Violence: The suppliers of legal products resolve their disagreements peacefully in court. But the suppliers of illegal products, like drugs, cannot do so, because both contestants would be imprisoned. Instead, the disagreements are resolved by force. Also, drug's criminalization raises the prices, increasing the number of robberies to satisfy addictions. The criminalization of drugs is the most important cause of violence in America - especially in black communities. It's also causing civil war in Colombia and may do so in Afghanistan, providing havens to terrorists.
Gambling: The numbers racket, which used to be prevalent in black areas, is illegal. But government-sponsored lotteries, whose odds are far less favorable, have increased gambling addiction tremendously, especially among the poor.
Licensing Laws prevent blacks from competing with whites. For example, many blacks can't call themselves hairdressers unless they undergo long and expensive licensing courses. But generally, the blacks only want to braid black hair, a skill the courses do not teach.
Affirmative Action brings to good colleges black students who are not prepared for the intellectual rigors. Many such students drop out, considering themselves to be failures.
Education: Far too many children, especially in the central cities, discontinue their schooling before learning to read.

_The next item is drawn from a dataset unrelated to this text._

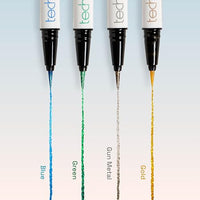 Technic Euphoria Metallic Liquid Liner - Highly Pigmented - Long Lasting - Brush like Tip for Ultimate Precision 0.8ml (4Pc Bundle)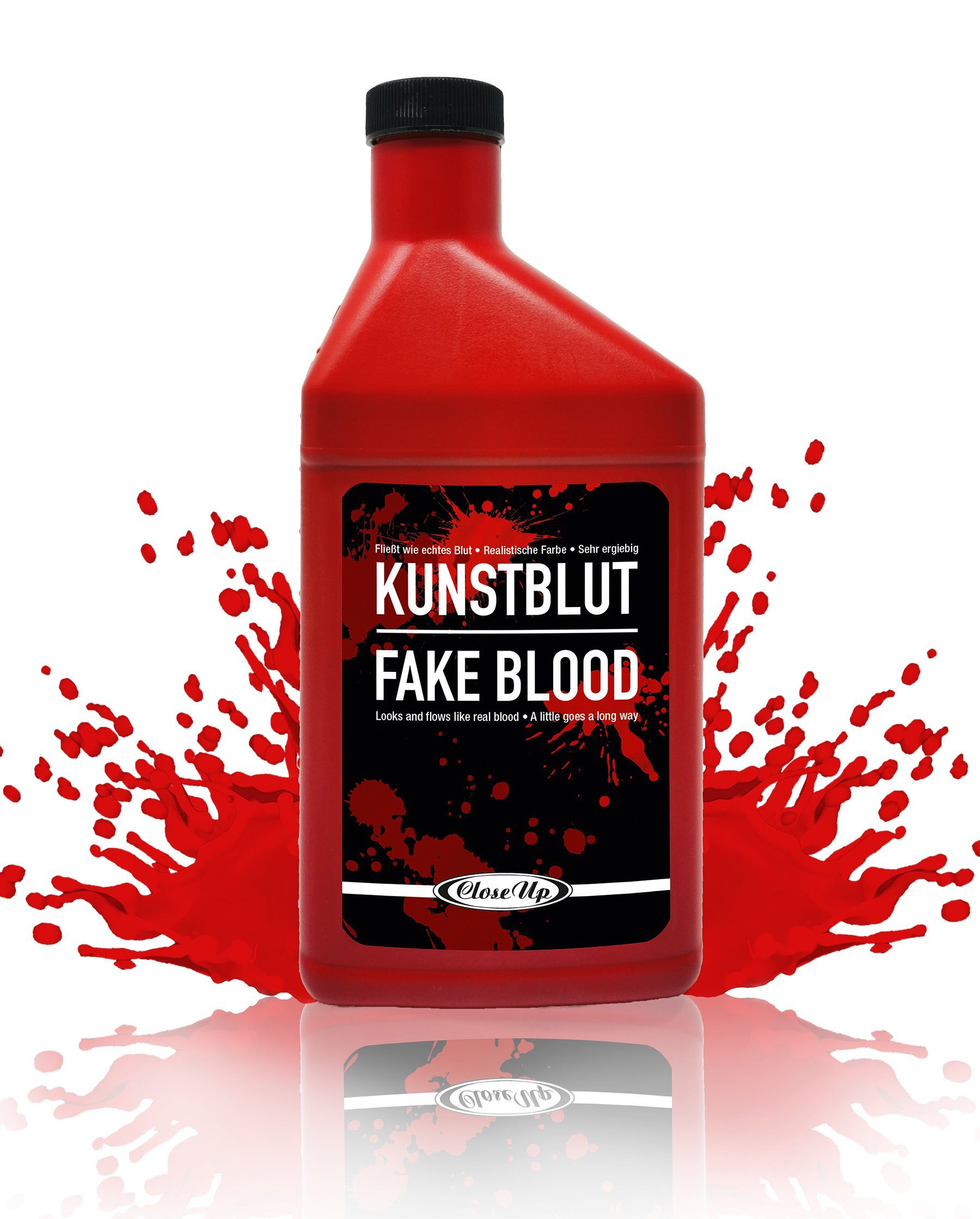 Close Up Kostüm Flasche Kunstblut TheaterBlut Filmblut rot 473 ml, Halloween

The cities of New Jersey, for example, spend approximately $12,000 per student per year - highest in the nation. Yet New Jersey's public schools are poor. If governments instead provided vouchers, enabling parents to send their children to any school, the competition would force government schools to improve. Campaign contributions by teachers unions have prevented this inventive policy from being passed.
Many of the above laws were passed with good intentions. But as to most big-government policies, the actual, long-term results are opposite to the intended results. The most racist aspect of American life today is its laws.